El aplomo con el que el grupo pisó Madrid fue determinante: si bien ya no son los chavales que lideraron las listas en los 90, cierto nervio sigue latente en ellos. Canallas y peleones, arrancaron la velada con un ¿Qué voy a hacer yo? en estado de gracia. Sonó renovado, pero sin perder la rabia que les catapultó. No bajaron el ritmo ni un segundo. Lo que demostró la buena forma en la que Jesús y los suyos se encuentran. Músculo han hecho. “Qué podemos decir. Se nos ha caído una teja en la cabeza, pero preferimos mirar hacia adelante. Hoy es un día enormemente importante”, dijo estremecido. Este es el primer concierto de su gira aniversario y, claro, entre tanta expectación, apenas pudieron contener la emoción. Un júbilo al calor de sus canciones que se extendió a la masa en cuestión de segundos.
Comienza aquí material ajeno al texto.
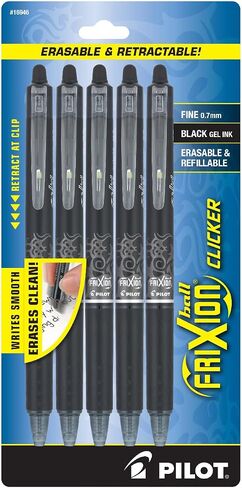 PILOT FriXion Clicker Erasable & Retracable Gel Ink Pens, Fine Point, Black Ink, 5-pack (16946) in Saudi Arabia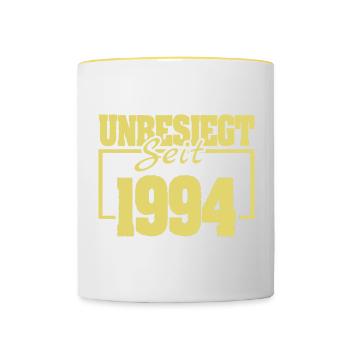 Jahr 1994 - Tasse zweifarbig - Weiß/Gelb - Vorne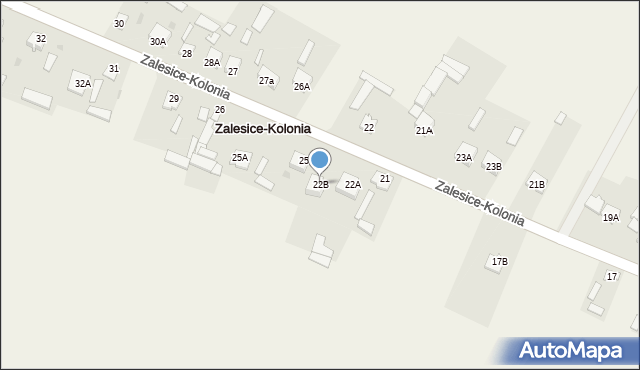 Zalesice-Kolonia, Zalesice-Kolonia, 22B, mapa Zalesice-Kolonia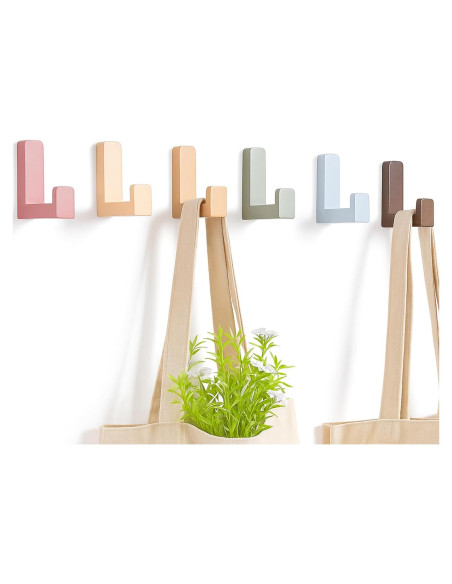 6 Ganchos de Pared Adhesivos de Madera Teenyyou - Color Bohemio 6 Ganchos de Pared Adhesivos de Madera Teenyyou - Color Bohemio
No escatimaron en éxitos: Retales de una vida, Haz turismo, El ritmo del mar, La senda del tiempo, El emigrante… Uno detrás de otro, frenéticos. Como si los años no hubieran pasado por ellos. Sonaron incandescentes, alegremente actuales. En parte, gracias a una banda de siete músicos que volvió a sacarles lustre: Diego Martín (batería), Chuchi Marcos (bajo eléctrico), José Luis Sendino (guitarra eléctrica), Antón Dávila (gaita y flauta travesera), Álvaro Zarzuela (trombón y trompeta), Jesús Bravo (teclados) y Carlos Soto (saxofón). Están engrasadísimos. Acumulan 2.100 bolos a sus espaldas, donde han reunido a 10 millones de personas. Suyos son 13 álbumes de estudio y seis recopilatorios. En Francia y Alemania son un hito. Sin duda, la veteranía es un grado.

Su público ha crecido con ellos. Es cierto que algún que otro adolescente se dejó caer por Goya, pero la mayoría era de su quinta. De hecho, pocos móviles se vieron al alza. Ni en pista ni en grada. Cuando la prioridad es saltar, las pantallas sobran. Y, aquí, azuzados por Jesús, se hizo. Y mucho. El artista no paró quieto en toda la noche. “Estamos viviendo momentos jodidos. No sé si estamos al borde del abismo, pero el planeta está loco. Espero que cambie. Necesitamos un lugar amable para los seres humanos”, soltó al adentrarse en El mundo del revés. Se intuyeron las ganas con las que han retomado los escenarios. Con el gallinero de pie, al unísono, Celtas Cortos confirmaron estar más vivos que nunca. No les hicieron falta grandes alardes técnicos para alcanzar la gloria. Un clásico eternamente joven.